The node-centric view of this is that each ‘Sovrin Identity’ (or possibly Identity Owner) is effectively their own many-faced god (http://gameofthrones.wikia.com/wiki/Many-Faced_God) going by different names (bits of PII) in different pantheons and faith structures (Trust Frameworks/ Contexts) but amounting to the same Sovrin Identity.

Implications?

Change IO obligation to:
" Use a Sovrin Identity to misrepresent a relationship you have with a natural person, legal organisation or thing, at the time when the DID is created or used to transact, that natural person might in most cases be you"
and/or
"Use a Sovrin Identity to lay claim to be another person, organisation or thing, at the time when the DID is created or used to transact"

There are lots of ways you could prove both without needing to know who the IO is who’s creating the DID

Could be some thoughts for the GA TF


#2

@NickyH, I just love the insight that DIDs on Sovrin represent an “edge” (relationship) rather than a node. And I love the “many-faced god” analogy even thought I haven’t been able to watch Game of Thrones yet (too much time spent developing protocols and trust frameworks :wink:

I think I get implications, i.e., your proposed revisions to the Identity Owner obligations in the Identity Owner Agreement. But I’d want to talk them through with you a little before I try to capture the new language.

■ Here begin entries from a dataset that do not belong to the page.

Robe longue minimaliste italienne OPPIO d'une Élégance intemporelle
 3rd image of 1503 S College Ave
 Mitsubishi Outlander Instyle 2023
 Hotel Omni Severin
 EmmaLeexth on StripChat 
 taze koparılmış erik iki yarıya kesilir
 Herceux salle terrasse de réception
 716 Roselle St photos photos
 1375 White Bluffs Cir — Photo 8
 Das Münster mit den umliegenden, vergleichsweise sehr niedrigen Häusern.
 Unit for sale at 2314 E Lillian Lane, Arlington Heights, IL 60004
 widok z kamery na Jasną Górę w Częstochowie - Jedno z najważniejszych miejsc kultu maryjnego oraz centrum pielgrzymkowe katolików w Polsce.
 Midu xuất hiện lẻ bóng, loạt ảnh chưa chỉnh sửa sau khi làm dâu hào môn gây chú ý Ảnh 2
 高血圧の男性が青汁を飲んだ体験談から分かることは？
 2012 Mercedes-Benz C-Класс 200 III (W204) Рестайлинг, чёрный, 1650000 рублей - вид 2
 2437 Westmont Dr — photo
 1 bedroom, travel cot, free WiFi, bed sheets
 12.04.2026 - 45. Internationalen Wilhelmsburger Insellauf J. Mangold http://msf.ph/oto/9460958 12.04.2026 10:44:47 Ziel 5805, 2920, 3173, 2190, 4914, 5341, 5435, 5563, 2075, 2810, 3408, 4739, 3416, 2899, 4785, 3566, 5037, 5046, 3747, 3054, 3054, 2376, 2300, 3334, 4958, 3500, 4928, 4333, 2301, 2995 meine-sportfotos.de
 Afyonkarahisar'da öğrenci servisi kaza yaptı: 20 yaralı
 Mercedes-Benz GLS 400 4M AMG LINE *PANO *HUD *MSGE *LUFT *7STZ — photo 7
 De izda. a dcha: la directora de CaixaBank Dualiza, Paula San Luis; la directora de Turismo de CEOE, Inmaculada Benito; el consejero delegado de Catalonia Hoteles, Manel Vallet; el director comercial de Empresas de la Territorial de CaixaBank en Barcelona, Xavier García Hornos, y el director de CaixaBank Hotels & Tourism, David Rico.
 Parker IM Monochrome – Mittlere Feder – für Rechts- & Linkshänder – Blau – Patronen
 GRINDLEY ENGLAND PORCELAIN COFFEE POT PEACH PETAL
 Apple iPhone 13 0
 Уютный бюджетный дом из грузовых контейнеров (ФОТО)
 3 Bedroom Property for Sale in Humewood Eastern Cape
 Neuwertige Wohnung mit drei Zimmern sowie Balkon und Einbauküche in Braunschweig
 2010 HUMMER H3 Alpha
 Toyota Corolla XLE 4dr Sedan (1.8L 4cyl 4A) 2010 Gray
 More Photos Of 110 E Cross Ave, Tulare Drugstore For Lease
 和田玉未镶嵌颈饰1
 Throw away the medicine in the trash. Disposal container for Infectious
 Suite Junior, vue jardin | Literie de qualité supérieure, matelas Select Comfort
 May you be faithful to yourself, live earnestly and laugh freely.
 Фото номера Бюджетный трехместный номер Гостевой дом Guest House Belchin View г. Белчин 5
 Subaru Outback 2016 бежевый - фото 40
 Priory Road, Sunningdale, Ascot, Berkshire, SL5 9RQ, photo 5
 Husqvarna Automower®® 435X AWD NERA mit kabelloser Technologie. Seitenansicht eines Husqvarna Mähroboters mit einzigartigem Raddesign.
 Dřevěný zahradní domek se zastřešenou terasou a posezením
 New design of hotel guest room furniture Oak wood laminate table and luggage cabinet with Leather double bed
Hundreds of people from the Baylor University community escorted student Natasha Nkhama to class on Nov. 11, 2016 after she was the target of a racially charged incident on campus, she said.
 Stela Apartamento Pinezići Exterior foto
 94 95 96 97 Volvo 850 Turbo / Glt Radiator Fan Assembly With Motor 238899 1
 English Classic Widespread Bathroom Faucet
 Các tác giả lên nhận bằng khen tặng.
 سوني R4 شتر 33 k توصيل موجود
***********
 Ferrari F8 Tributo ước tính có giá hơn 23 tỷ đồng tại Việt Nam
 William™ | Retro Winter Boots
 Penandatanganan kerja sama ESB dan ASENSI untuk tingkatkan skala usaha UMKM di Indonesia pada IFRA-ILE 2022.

Since we’re going to be revising that language anyway, I’m thinking I’ll post the proposed update here on the Forum after the special Trust Framework Working Group meeting we have on this topic tomorrow (Thursday) morning and then we can collectively polish it.


#3

Nicky, I am a bit lost, could you please clarify the meaning of “DID as a edge A:B” ?
A is the IO, while B is the TA issuing the DID?
A is the IO, while B is the party this DID is intended for (as a pairwise identifier)?
In both case, I cannot figure out what A:A and A:B_n_ stand for.
Thank you!


#4

Hi Luca

A Party & B Party, let’s call them Alice & Bob

If Alice sets up a DID for Bob as an edge it means ‘alice has a relationship of some sort with Bob’ vs as a node: Alice is pretending to be Bob

A:A Alice sets up a DID for herself as an edge, this is a relationship i have with myself in this context as a node: Alice is setting up a persona for herself

A:B_n_ Alice sets up a bunch of DIDs for Bob, Barbara, Bertie etc all friends coming to her 4th July Party, the DID as an edge represents that relationship between Alice and her B Party friends, she might set up other DIDs for these friends related to other activities they share. node: Alice is in fact trying to impersonate her friends and maybe a bad actor

A:B_n_ Alice Springs Tours Pty sets up a bunch of DIDs for their customers, they describe the relationship that the company Alice Springs Tours Pty has with those customers and can verify that their customers have indeed visited Uluru, and the art they purchased was genuine Aborigine art rather than a fake from Indonesia.

… does that make sense?


#5

Much clearer, thank you Nicky.
However, I miss the value of tagging relationships with a DID.
Identifiers are used to aggregate data, attributes, claims. Which data would be worth associating to the relationship?
My feeling is that what you are presenting is not a DID for the relationship, but a DID for representing Bob from Alice perspective (Alice’s view of Bob, hence a “fake” Bob). This “fake” Bob DID would be a muppet under Alice’s control…
Obviously, AliceSpringTourPty could attach a claim “has visited Uluru” to his fake customer Bob, but Bob would not be able to use that claim himself, since the DID would not be under his control.
Just trying to understand, so I apologize if I got it wrong…


#6

Hi Luca, I think we agree - Bob from Alice’s perspective = their relationship. I just thought it might help us think about the TF in a different way, like a telecoms network. If the act of creating a DID is like placing a 'phone call, and Bob doesn’t answer, it is indeed a fake Bob, and no claims can be attached but if Bob does answer, then the connection is completed, the relationship and associated claims are verified.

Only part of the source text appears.